This was an audacious move, one that resembles a fencer’s sudden strike in which case the fencer takes risks, too. But there was no other way. I proposed that all the members of the delegation say what they thought about the plan and all of them agreed to it. Then we broke up and waited for the news from Mendelevich about his conversation with Mauromatis. It appeared that it was too early to wire a detailed telegram to Moscow.

A couple of hours dragged by and then we received a signal that Mauromatis, whom Mendelevich had invited to visit our mission office, had left. We gathered in the office, anxious again to hear what the obviously confused Mendelevich would tell us.

“We had a frank discussion,” he said in a suppressed voice. “We analyzed all the aspects of the situation in detail and Mauromatis finally told me that the outcome of yesterday’s session gave Cyprus the best possible option and nothing more was to be done about it.”

What a wise man Mauromatis was! I called off the meeting with the Turkish ambassador. A load off my mind!

Thus the decision prompted by intuition had stood its initial test.

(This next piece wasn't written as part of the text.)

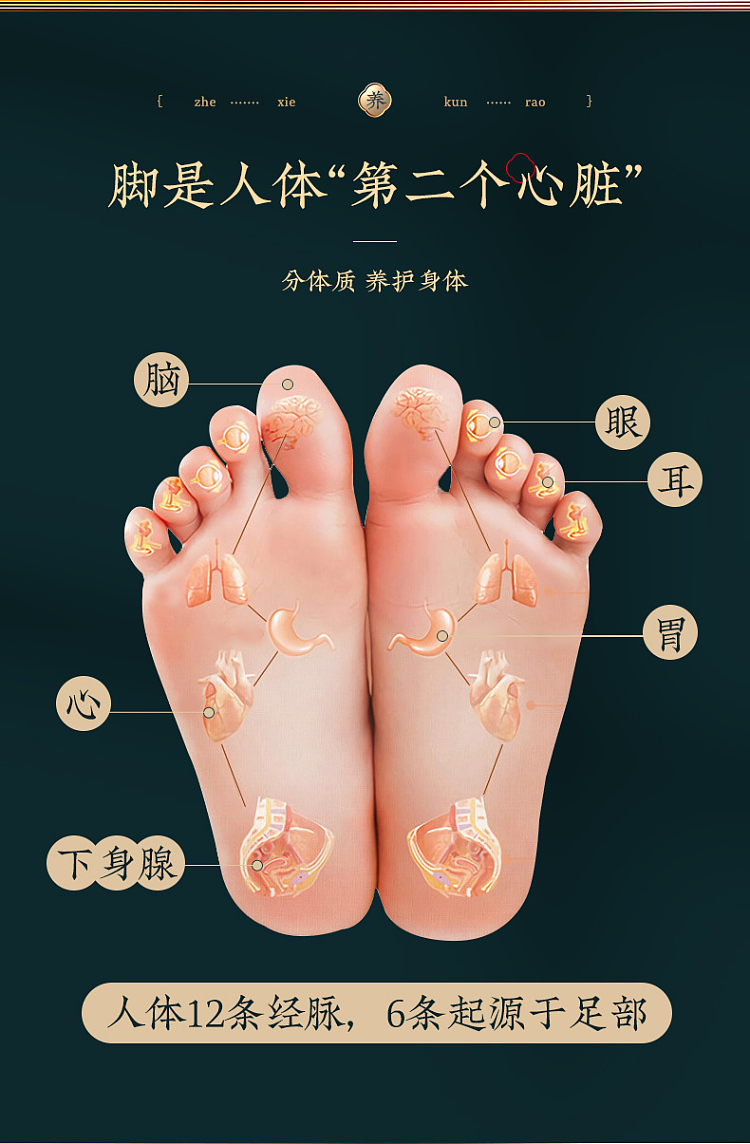 nanjing-tongrentang-zhenwan-ai-herbal-foot-soak-40ml10-bags-box-3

I sent a telegram to Moscow without overburdening it with details. Our party broke up. It was time to pack the chairman’s gavel. But where on earth was it? I just could not find it. Then I asked our executive secretary if he had seen the gavel. Apparently confused, he brought it from his room, saying he had his own plans regarding the souvenir. Later this gavel would gather dust for a long time in my study and arouse the curiosity of my grandson, who wanted to use it for what he thought was its immediate intended purpose, namely, to drive in nails. Now that wooden gavel is an exhibit at the Foreign Ministry’s museum.

I think that scientists have not said everything regarding intuition, but what appears to be incontestable is that in the art of diplomacy, as in any other art, this quality of the mind is as much an efficient weapon as a clue to inspiration.